◆ TASK TO COMPLETE
An exact copy of the records is needed; please leave the images out.

Captioned web images:
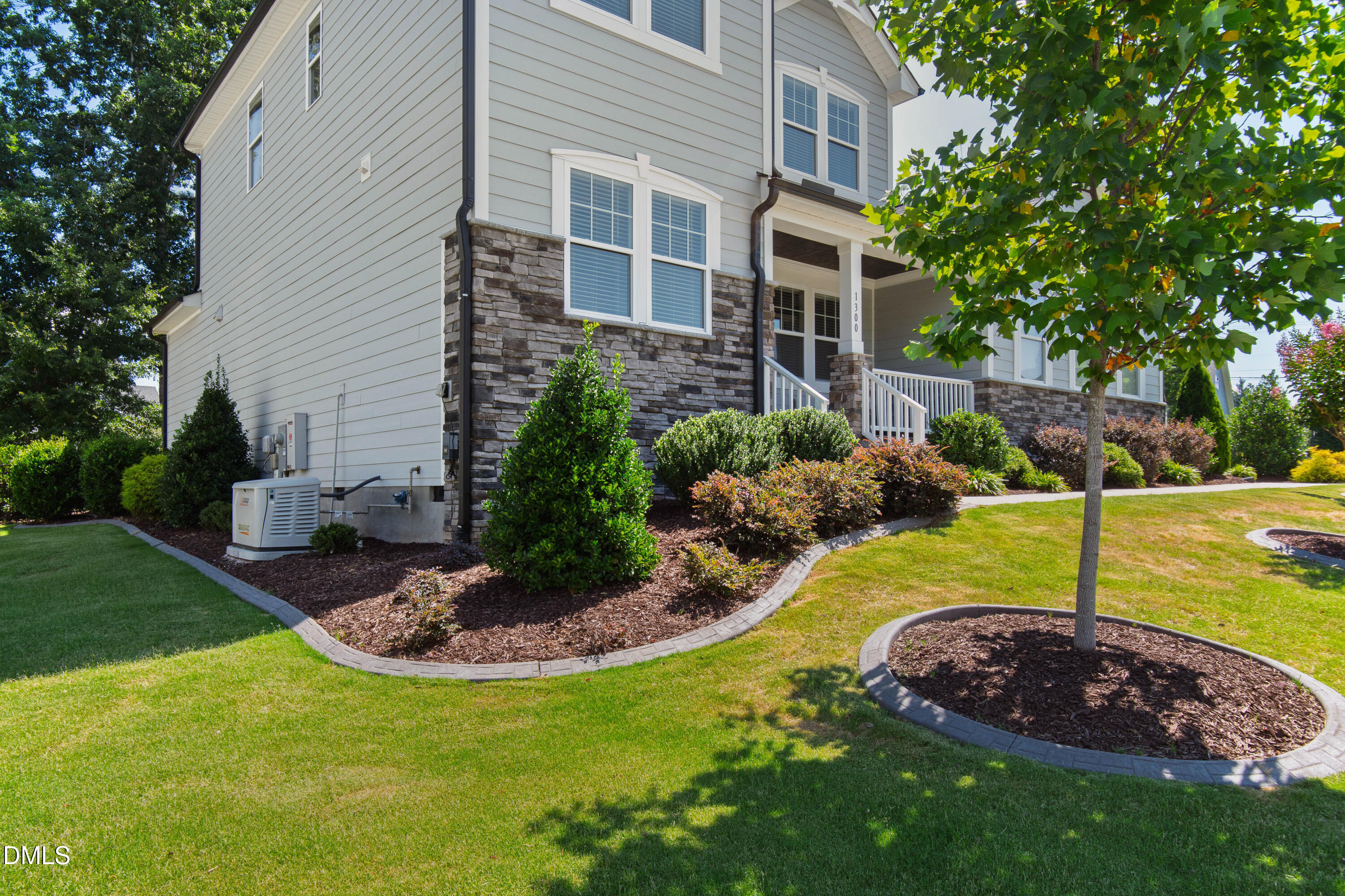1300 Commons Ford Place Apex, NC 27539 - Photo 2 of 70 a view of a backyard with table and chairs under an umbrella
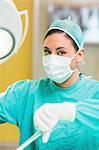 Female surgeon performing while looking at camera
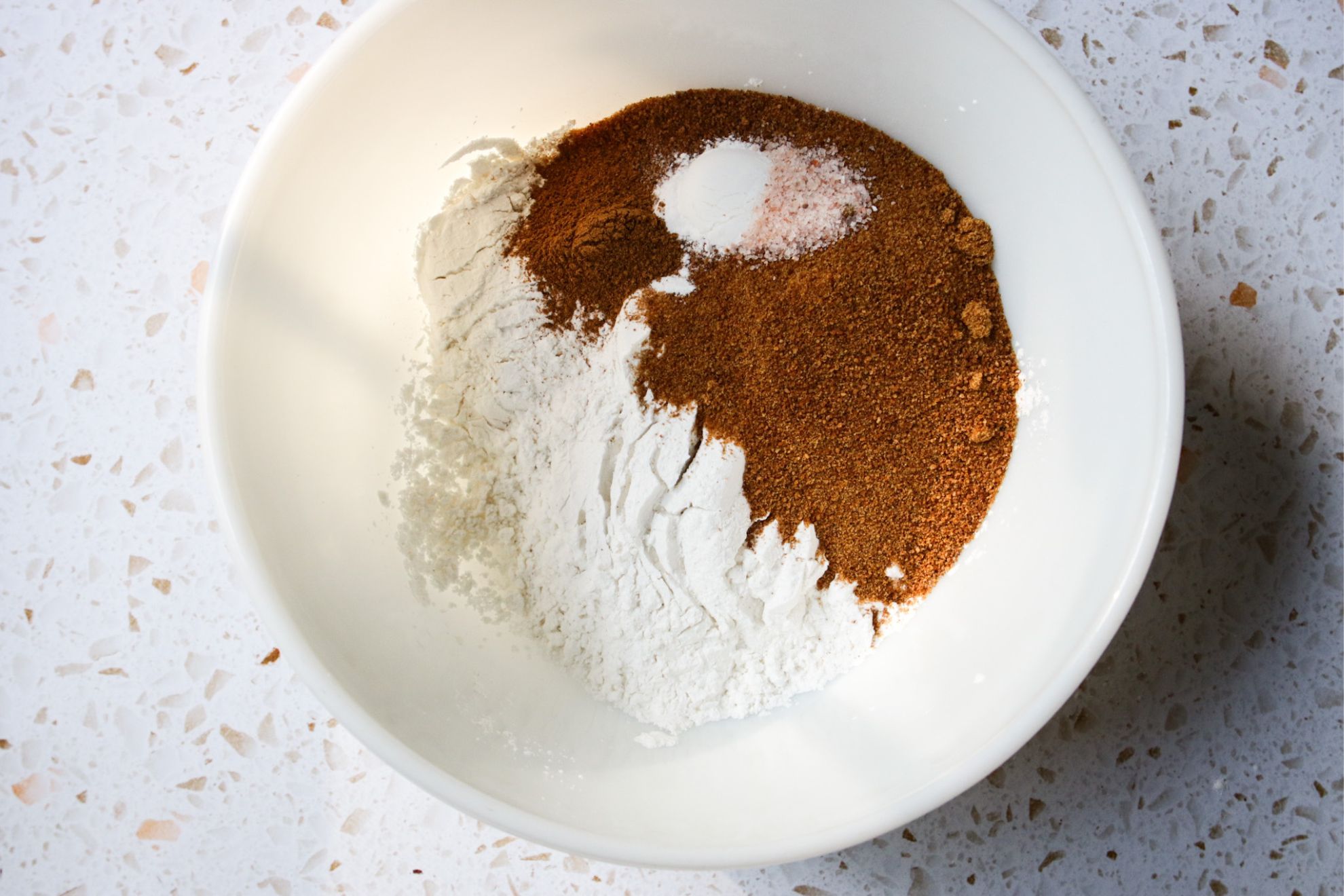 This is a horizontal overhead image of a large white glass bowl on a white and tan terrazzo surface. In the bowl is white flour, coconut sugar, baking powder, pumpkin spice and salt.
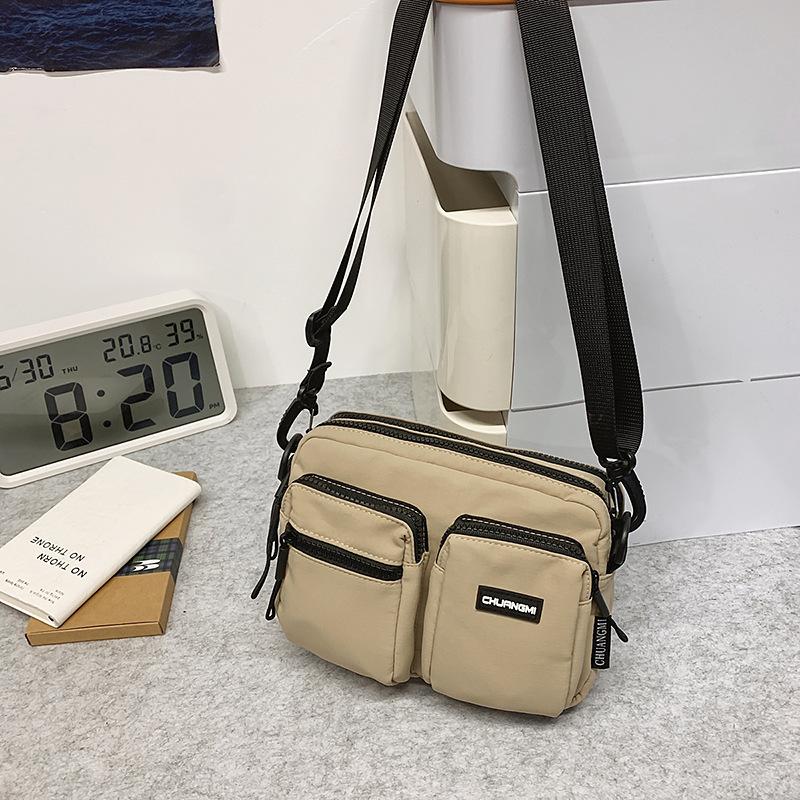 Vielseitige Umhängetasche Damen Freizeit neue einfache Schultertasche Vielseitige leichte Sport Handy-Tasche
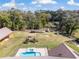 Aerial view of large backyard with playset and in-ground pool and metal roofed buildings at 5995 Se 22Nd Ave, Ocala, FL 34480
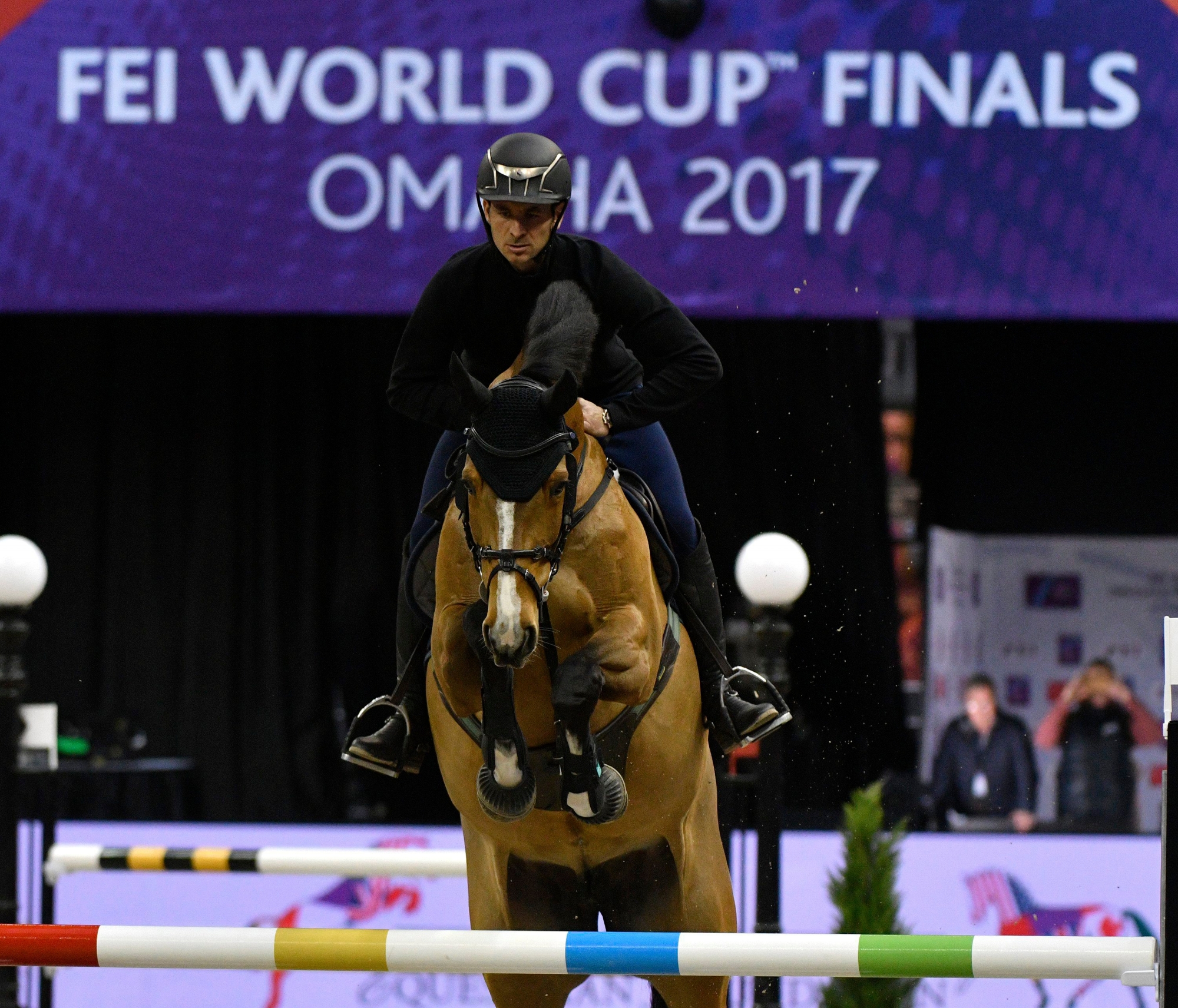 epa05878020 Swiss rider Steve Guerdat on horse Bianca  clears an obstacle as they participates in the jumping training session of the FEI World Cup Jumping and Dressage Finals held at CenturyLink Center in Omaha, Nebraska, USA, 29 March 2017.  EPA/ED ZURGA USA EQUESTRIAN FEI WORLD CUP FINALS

◆ WRITTEN ANSWER
1300 Commons Ford Place Apex, NC 27539 - Photo 2 of 70 a view of a backyard with table and chairs under an umbrella
 Female surgeon performing while looking at camera
 This is a horizontal overhead image of a large white glass bowl on a white and tan terrazzo surface. In the bowl is white flour, coconut sugar, baking powder, pumpkin spice and salt.
 Vielseitige Umhängetasche Damen Freizeit neue einfache Schultertasche Vielseitige leichte Sport Handy-Tasche
 Aerial view of large backyard with playset and in-ground pool and metal roofed buildings at 5995 Se 22Nd Ave, Ocala, FL 34480
 epa05878020 Swiss rider Steve Guerdat on horse Bianca  clears an obstacle as they participates in the jumping training session of the FEI World Cup Jumping and Dressage Finals held at CenturyLink Center in Omaha, Nebraska, USA, 29 March 2017.  EPA/ED ZURGA USA EQUESTRIAN FEI WORLD CUP FINALS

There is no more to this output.